======== Records supplied
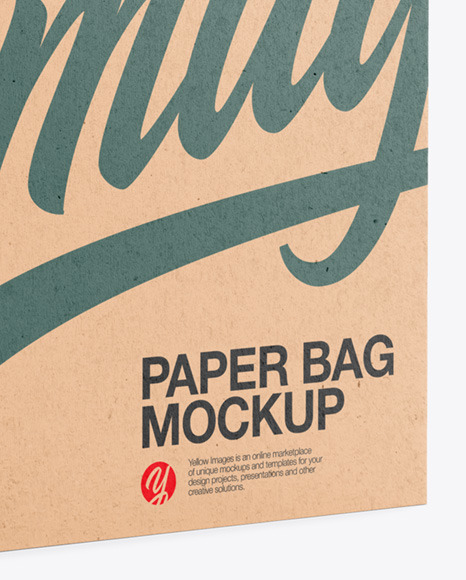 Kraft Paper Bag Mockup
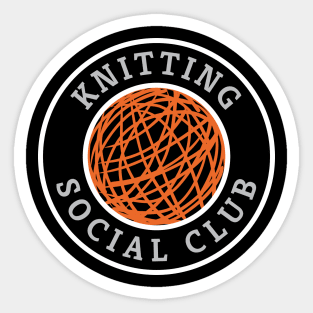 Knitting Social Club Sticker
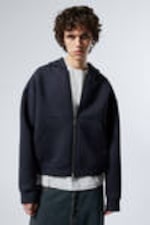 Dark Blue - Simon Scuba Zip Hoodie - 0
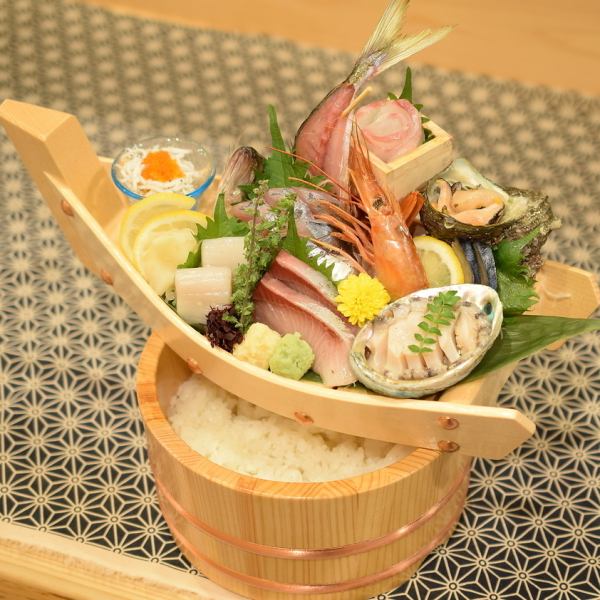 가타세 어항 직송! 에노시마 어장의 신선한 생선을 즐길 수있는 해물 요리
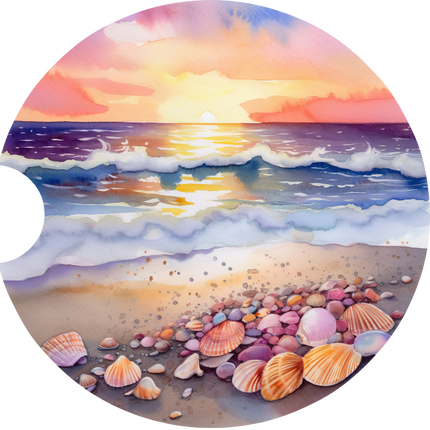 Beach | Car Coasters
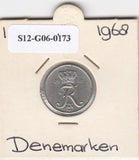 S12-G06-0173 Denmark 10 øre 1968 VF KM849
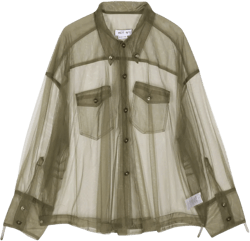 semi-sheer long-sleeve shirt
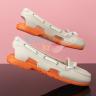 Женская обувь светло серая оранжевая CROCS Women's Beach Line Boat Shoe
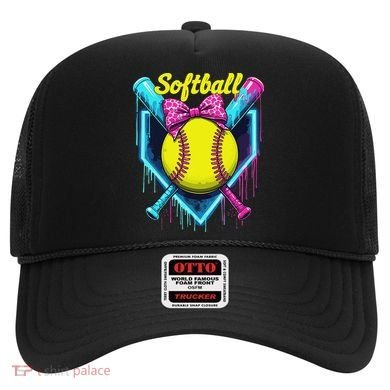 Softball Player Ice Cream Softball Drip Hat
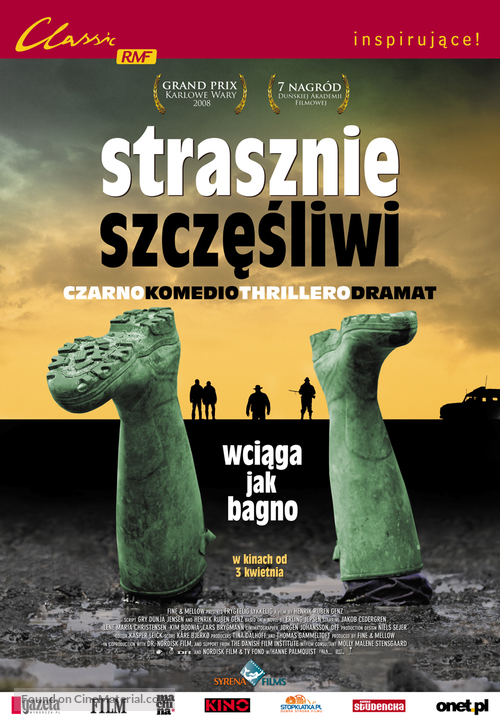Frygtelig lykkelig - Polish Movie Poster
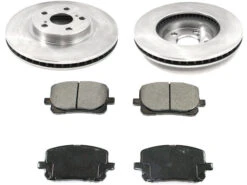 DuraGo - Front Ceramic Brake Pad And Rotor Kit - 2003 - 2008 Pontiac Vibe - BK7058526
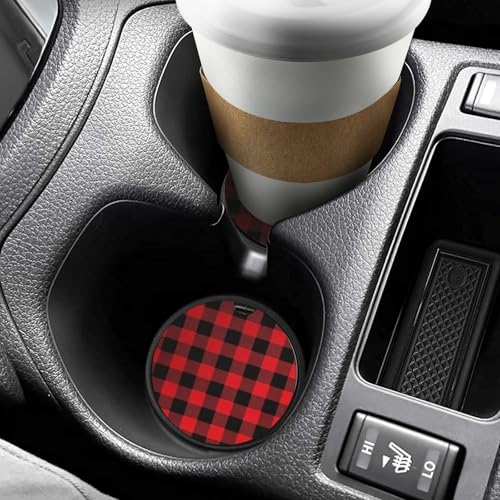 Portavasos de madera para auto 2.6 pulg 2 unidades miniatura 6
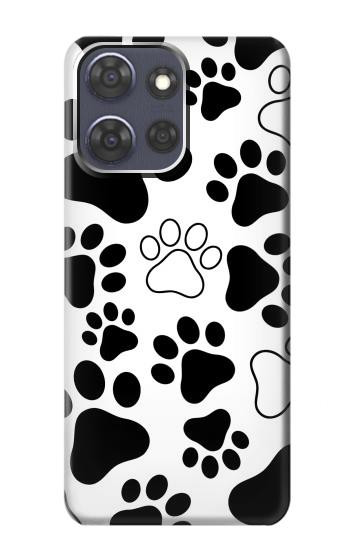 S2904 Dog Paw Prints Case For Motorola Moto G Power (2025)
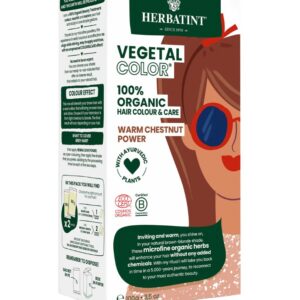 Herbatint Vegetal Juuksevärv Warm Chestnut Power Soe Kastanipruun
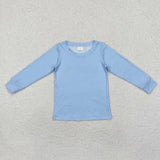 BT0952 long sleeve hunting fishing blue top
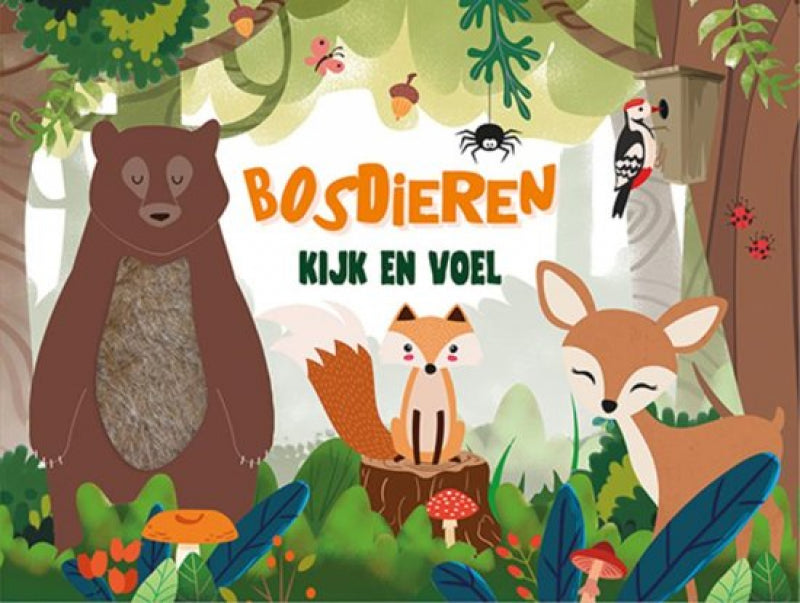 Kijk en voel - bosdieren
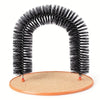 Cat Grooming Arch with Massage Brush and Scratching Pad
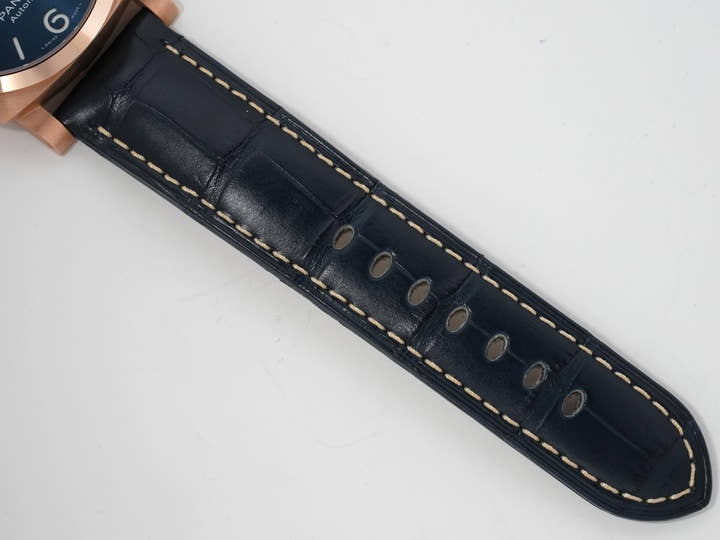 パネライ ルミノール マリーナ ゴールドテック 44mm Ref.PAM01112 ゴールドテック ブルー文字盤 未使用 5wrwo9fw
================
Prompt -> An exact copy of the lines from the one with "Beach | Car Coasters" through the last line of the records, inclusive, is required, with all pictures left out.

Result of the task ->
 Beach | Car Coasters
 S12-G06-0173 Denmark 10 øre 1968 VF KM849
 semi-sheer long-sleeve shirt
 Женская обувь светло серая оранжевая CROCS Women's Beach Line Boat Shoe
 Softball Player Ice Cream Softball Drip Hat
Frygtelig lykkelig - Polish Movie Poster
 DuraGo - Front Ceramic Brake Pad And Rotor Kit - 2003 - 2008 Pontiac Vibe - BK7058526
 Portavasos de madera para auto 2.6 pulg 2 unidades miniatura 6
 S2904 Dog Paw Prints Case For Motorola Moto G Power (2025)
 Herbatint Vegetal Juuksevärv Warm Chestnut Power Soe Kastanipruun
 BT0952 long sleeve hunting fishing blue top
 Kijk en voel - bosdieren
 Cat Grooming Arch with Massage Brush and Scratching Pad
 パネライ ルミノール マリーナ ゴールドテック 44mm Ref.PAM01112 ゴールドテック ブルー文字盤 未使用 5wrwo9fw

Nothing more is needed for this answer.